● **Work item**: Each line below must be reproduced exactly as it stands. Pictures stay out of the copy.

● **Supplied information**:
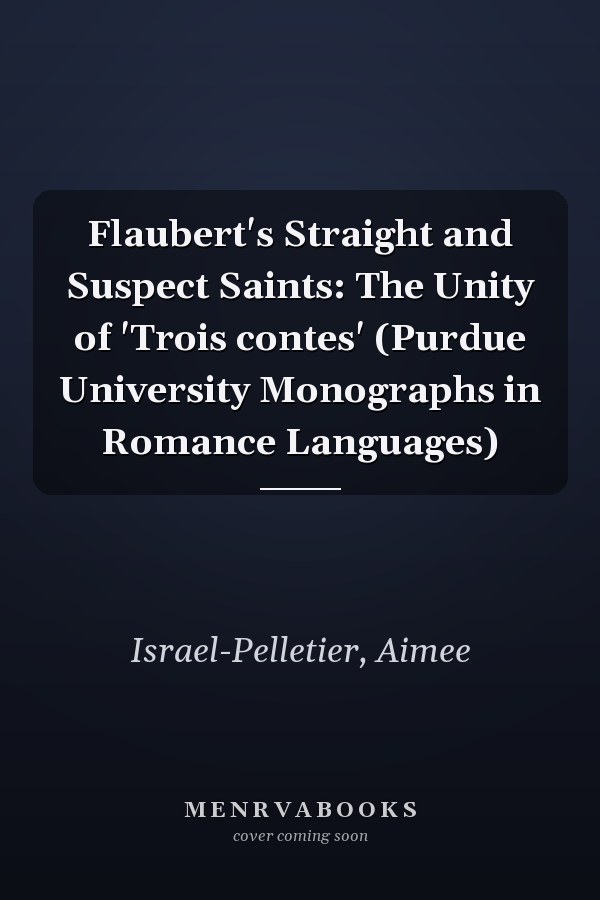 Flaubert's Straight and Suspect Saints: The Unity of 'Trois contes' (Purdue University Monographs in Romance Languages)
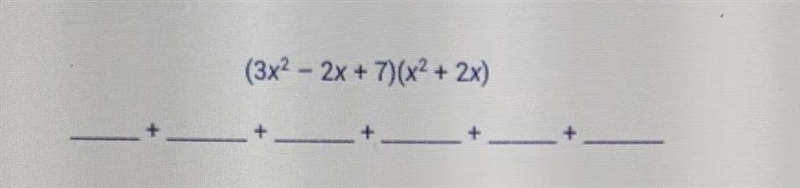 Use the distributive property to multiply the trinomial by the binomial.Circle the-example-1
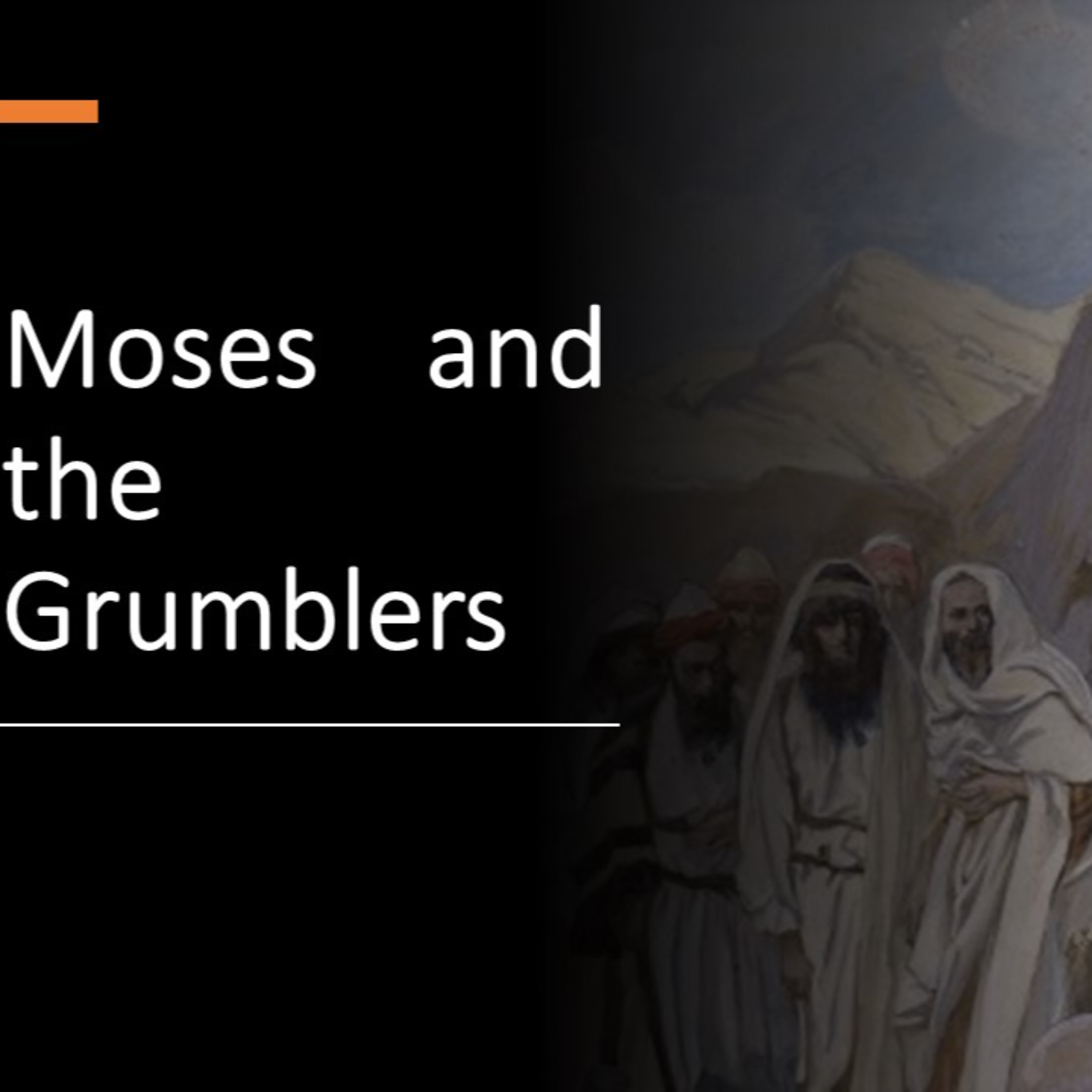 "Moses and the Grumblers" - David Duncan episode artwork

● **Completed task**:
 Flaubert's Straight and Suspect Saints: The Unity of 'Trois contes' (Purdue University Monographs in Romance Languages)
 Use the distributive property to multiply the trinomial by the binomial.Circle the-example-1
 "Moses and the Grumblers" - David Duncan episode artwork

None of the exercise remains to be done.